Activity. The required output is a number: how many lines of the data below include the string "photo".

Exercise data.
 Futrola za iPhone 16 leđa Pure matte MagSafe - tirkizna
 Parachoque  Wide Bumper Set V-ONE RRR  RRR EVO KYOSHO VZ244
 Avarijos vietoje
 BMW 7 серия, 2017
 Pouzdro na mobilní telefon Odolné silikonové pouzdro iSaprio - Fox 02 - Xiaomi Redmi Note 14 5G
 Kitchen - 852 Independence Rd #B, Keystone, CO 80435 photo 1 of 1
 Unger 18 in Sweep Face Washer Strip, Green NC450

==

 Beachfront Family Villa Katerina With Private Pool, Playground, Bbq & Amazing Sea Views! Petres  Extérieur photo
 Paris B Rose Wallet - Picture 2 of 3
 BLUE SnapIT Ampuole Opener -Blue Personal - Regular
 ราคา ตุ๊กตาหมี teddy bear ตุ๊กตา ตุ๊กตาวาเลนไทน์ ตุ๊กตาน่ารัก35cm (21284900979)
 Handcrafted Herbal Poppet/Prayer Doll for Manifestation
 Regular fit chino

--

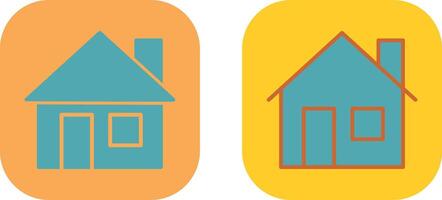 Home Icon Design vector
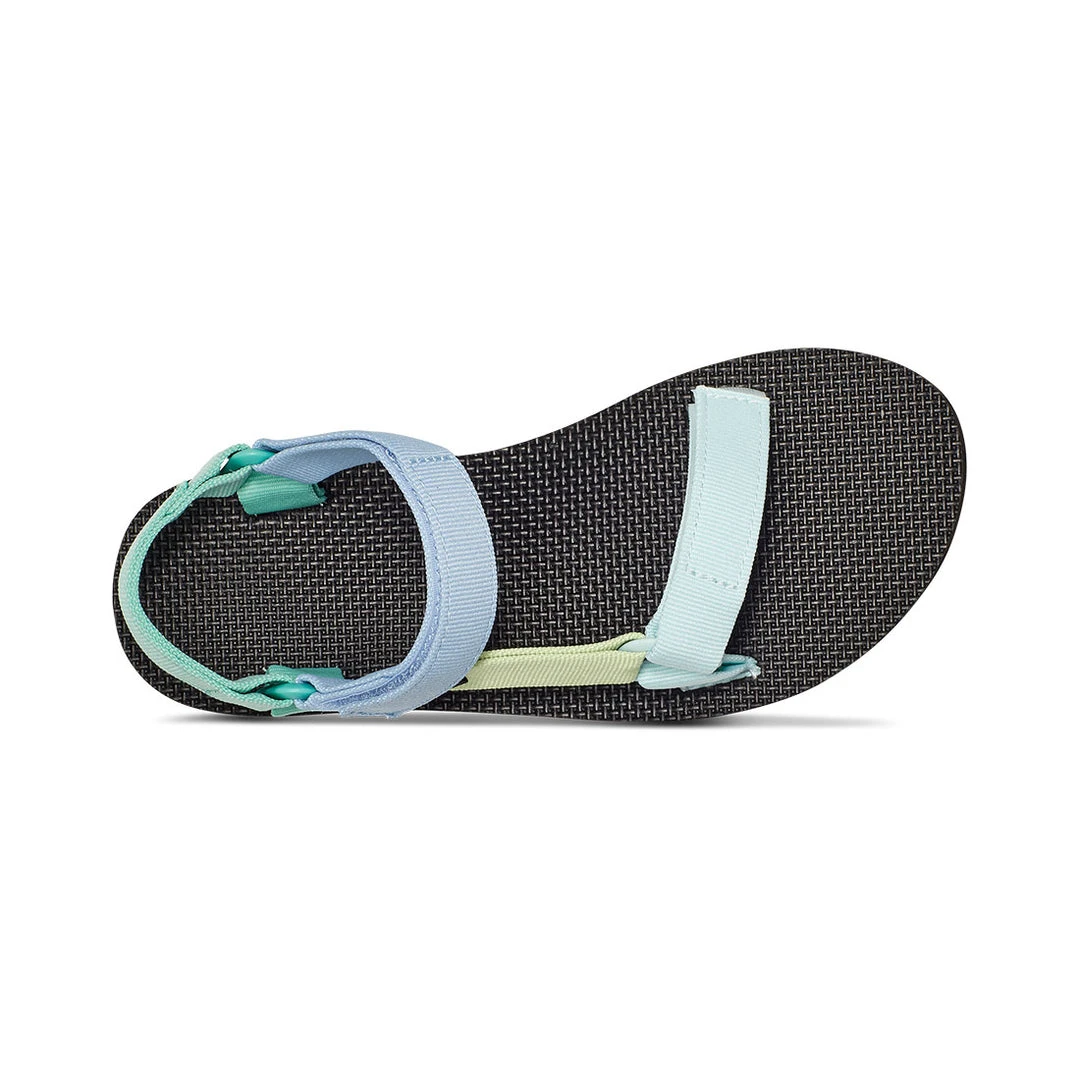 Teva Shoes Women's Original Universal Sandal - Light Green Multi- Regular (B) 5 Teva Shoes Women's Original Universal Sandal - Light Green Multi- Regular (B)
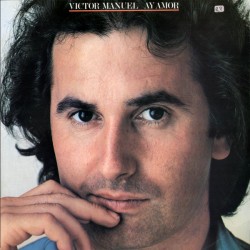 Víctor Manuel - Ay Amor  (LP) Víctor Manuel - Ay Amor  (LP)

Result of the task. 2